68

Given a dataclass like below:

class MessageHeader(BaseModel):
    message_id: uuid.UUID

    def dict(self, **kwargs):
        return json.loads(self.json())

I would like to get a dictionary of string literal when I call dict on MessageHeader The desired outcome of dictionary is like below:

{'message_id': '383b0bfc-743e-4738-8361-27e6a0753b5a'}

I want to avoid using 3rd party library like pydantic & I do not want to use json.loads(self.json()) as there are extra round trips

Is there any better way to convert a dataclass to a dictionary with string literal like above?

3
  • 1
    Is uuid.UUID already a string or some other type?
    – pho
    Commented Jun 13, 2022 at 14:57
  • 1
    When I call dict from pydantic, it returns uuid.UUID as it is.

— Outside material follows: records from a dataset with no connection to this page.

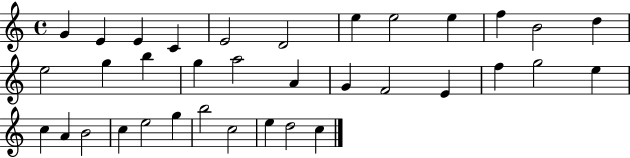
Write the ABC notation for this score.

X:1
T:Untitled
M:4/4
L:1/4
K:C
G E E C E2 D2 e e2 e f B2 d e2 g b g a2 A G F2 E f g2 e c A B2 c e2 g b2 c2 e d2 c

I need the UUID as a string in dictionary
    – Unknown
    Commented Jun 13, 2022 at 15:00
  • If you don't wanna use 3rd party libraries or even builtins, you probably came to Python from Assembler Commented Mar 23 at 14:24

4 Answers 4

104

You can use dataclasses.asdict:

from dataclasses import dataclass, asdict

class MessageHeader(BaseModel):
    message_id: uuid.UUID

    def dict(self):
        return {k: str(v) for k, v in asdict(self).items()}

If you're sure that your class only has string values, you can skip the dictionary comprehension entirely:

class MessageHeader(BaseModel):
    message_id: uuid.UUID

    dict = asdict
8
  • 5
    Note that asdict only returns keys that are defined at init
    – crypdick
    Commented Jan 4 at 21:23
  • @crypdick. That's an important note indeed Commented Jan 5 at 3:56
  • Getting the following error: TypeError: asdict() should be called on dataclass instances
    – Jeremy
    Commented Apr 1 at 22:45
  • @Jeremy. That's because the object you are calling it on is not a dataclass Commented Apr 2 at 2:53
  • if this solution is fragile and you won't even notice the problem if passing the dataclass object as **kwargs why is it getting all the votes and not the other solutions that don't have that fragility? e.g. stackoverflow.com/a/76410147/9201239
    – stason
    Commented Apr 6 at 2:20
17

For absolute pure, unadulterated speed and boundless efficiency, the kinds of which could even cause the likes of Chuck Norris to take pause and helplessly look on in awe, I humbly recommend this remarkably well planned-out approach with __dict__:

def dict(self):
    _dict = self.__dict__.copy()
    _dict['message_id'] = str(_dict['message_id'])
    return _dict

For a class that defines a __slots__ attribute, such as with @dataclass(slots=True), the above approach most likely won't work, as the __dict__ attribute won't be available on class instances. In that case, a highly efficient "shoot for the moon" approach such as below could instead be viable:

def dict(self):
    body_lines = ','.join(f"'{f}':" + (f'str(self.{f})' if f == 'message_id'
                                       else f'self.{f}') for f in self.__slots__)
    # Compute the text of the entire function.
    txt = f'def dict(self):\n return {{{body_lines}}}'
    ns = {}
    exec(txt, locals(), ns)
    _dict_fn = self.__class__.dict = ns['dict']
    return _dict_fn(self)

In case anyone's teetering at the edge of their seats right now (I know, this is really incredible, breakthrough-level stuff) - I've added my personal timings via the timeit module below, that should hopefully shed a little more light in the performance aspect of things.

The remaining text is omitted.